Specify the catalog loader class. The default catalog loader ignores any errors encountered when loading catalogs. This is convenient for production use, but can be frustrating because it may not be obvious when resolution fails, especially if your internet connection is fast. A typo in a catalog file can easily go unnoticed.

If the value org.xmlresolver.loaders.ValidatingXmlLoader is specified for this property, catalog files will be validated when they are loaded and the resolver will throw an exception for any validity errors encountered.

The validating loader depends on having version 20181222 of Jing on your classpath. (This is an optional dependency in the Maven distribution of the resolver, so you may have to add it by hand.)

20Parse RDDL documents

Configuration on Java

  • Feature ResolverFeature.PARSE_RDDL (type: Boolean)

  • System property xml.catalog.parseRddl

  • Property file property parse-rddl

Configuration on .NET

  • Feature ResolverFeature.PARSE_RDDL (type: bool)

  • Environment variable XML_CATALOG_PARSE_RDDL

  • Property file property parseRddl

Attempt to resolve RDDL resources in namespace URI lookup. If the namespace resolver is used, if a nature and purpose are specified, and if the resource returned is an HTML document, the resolver will attempt to find the RDDL resource description for the requested namespace and resolve that URI.

For example, the following API call will return the XML Schema for XML:

  |resolveNamespaceURI("http://www.w3.org/XML/1998/namespace",
  |                    "http://www.w3.org/2001/XMLSchema",
  |                    "http://www.rddl.org/purposes#schema-validation");

Attempting to resolve RDDL resources requires extra processing. If you know it will never succeed you can disable it by setting this property to false.

21Specify an alternate class loader

Configuration on Java

  • Feature ResolverFeature.CLASSLOADER (type: ClassLoader)

Configuration on .NET

  • This setting has no equivalent on .NET

If you are using the resolver in an environment where the default class loader (getClass().getCatalogLoader()) will not return useful class loader, you can specify an alternate loader with this feature.

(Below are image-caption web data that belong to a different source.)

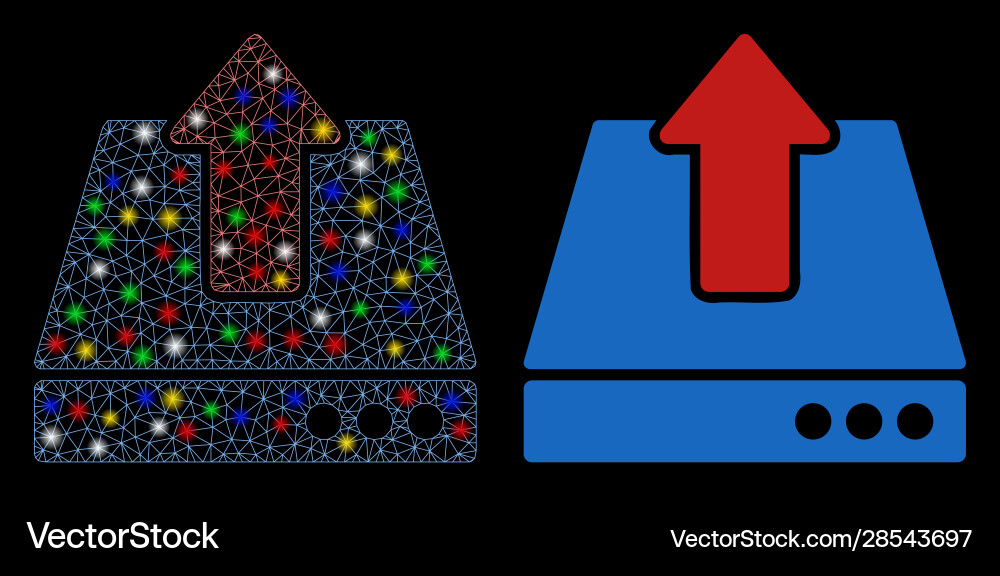 Flare mesh network upload icon with spots Flare mesh network upload icon with spots vector image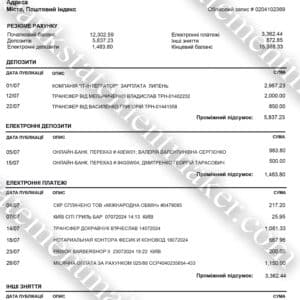 Credit Agricole Ukraine bank statement – editable PDF file for address proof and UI testing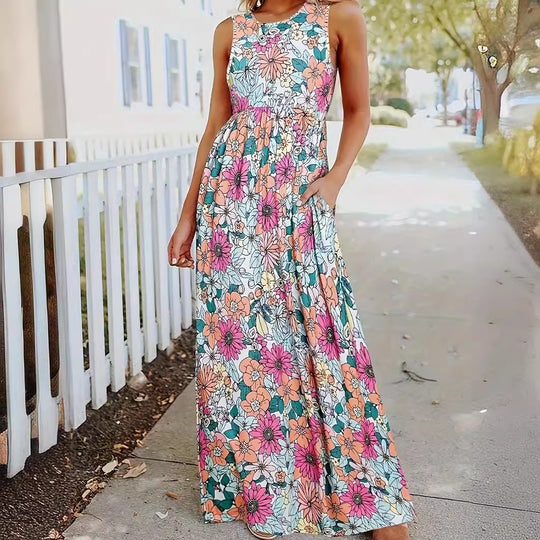 Damen Maxikleid mit floralem Muster und praktischen Taschen EB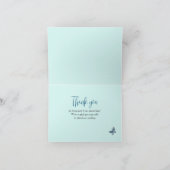 Aquamarine Wildblume Rose Bird Border Boho Hochzei Dankeskarte (Innenseite)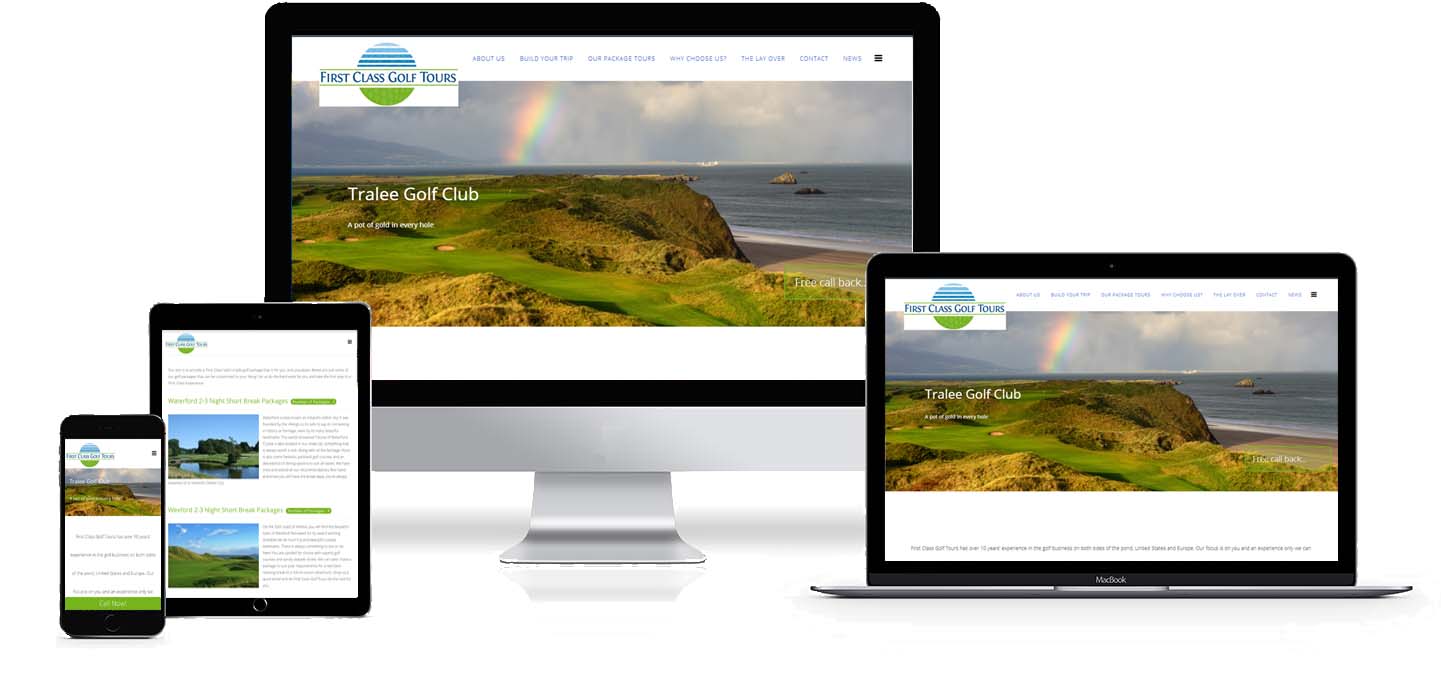 first class golf tours website design project image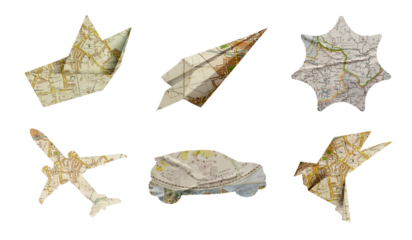 Retro map cutouts shape of vehicles and travel for retro collage and scrapbook journal planner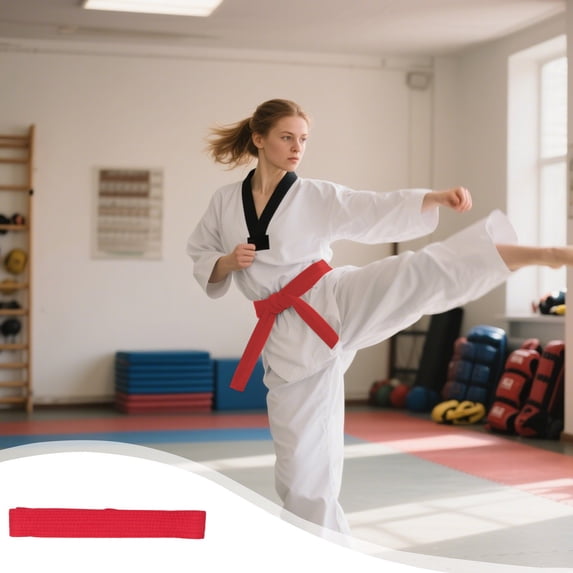 Taekwondo Belt for Karate Judo Training, Double Needle Eight Thread Handmade Reinforced Strap, Durable Cotton Felt Inner Core Martial Arts Gear, Traditional Dojo Ranked Display and, AESTIVO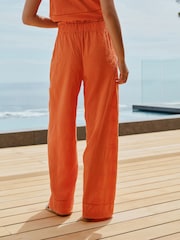 Orange Embroidered Wide Leg Trousers - Image 4 of 8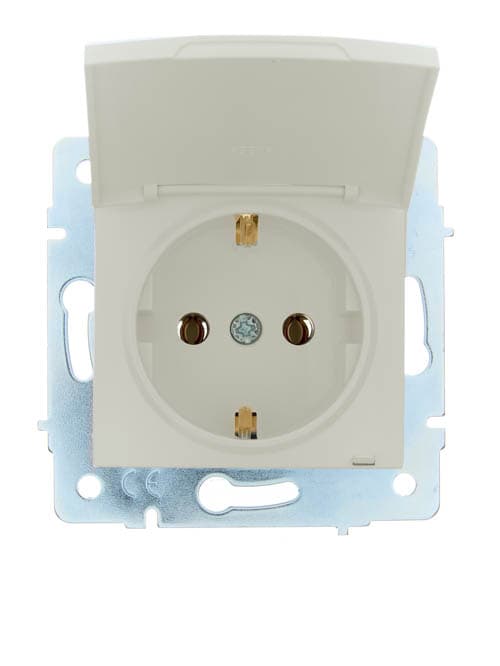 ASTI Розетка с заземлением с крышкой, 16 А, механизм, крем Lezard 7081-0388-123B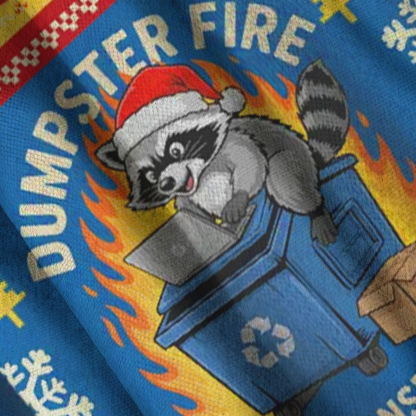 Baddiecat Dumpster Fire Response Team Raccoon Christmas Ugly Sweatshirt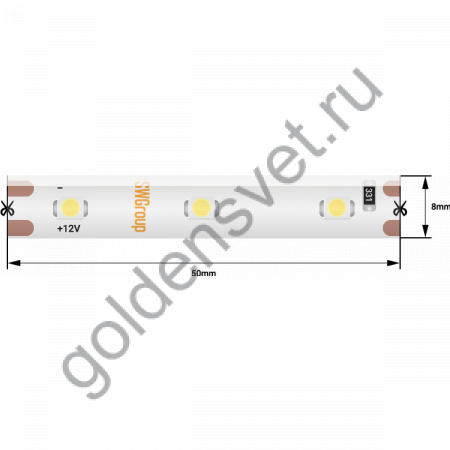 Лента светодиодная стандарт 3528, 60 LED/м, 4,8 Вт/м, 12В , IP65, Цвет: Теплый белый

22Configure the XML Reader

Configuration on Java

  • Feature ResolverFeature.XMLREADER_SUPPLIER (type: Supplier<XMLReader>)

Configuration on .NET

  • This setting has no equivalent on .NET

The default supplier is obtained with SAXParserFactory.newInstance() and the global mechanisms that it uses.

This feature and the SAXPARSERFACTORY_CLASS are different mechanisms for configuring the same underlying feature: how does the resolver get an XML parser if it needs one? (For example, for the ResolvingXMLFilter and ResolvingXMLReader classes.)

The SAXPARSERFACTORY_CLASS is initially null and the XMLREADER_SUPPLIER is used. The purpose of the SAXPARSERFACTORY_CLASS is to allow the factory to be configured with a property since the XMLREADER_SUPPLIER cannot.

If a SAXPARSERFACTORY_CLASS is specified, it will be used in favor of the default XMLREADER_SUPPLIER. If an XMLREADER_SUPPLIER is explicitly set after the configuration is initialized, it will set this feature to null and take precedence.

23Throw URI exceptions?

Configuration on Java

  • Feature ResolverFeature.THROW_URI_EXCEPTIONS (type: Boolean)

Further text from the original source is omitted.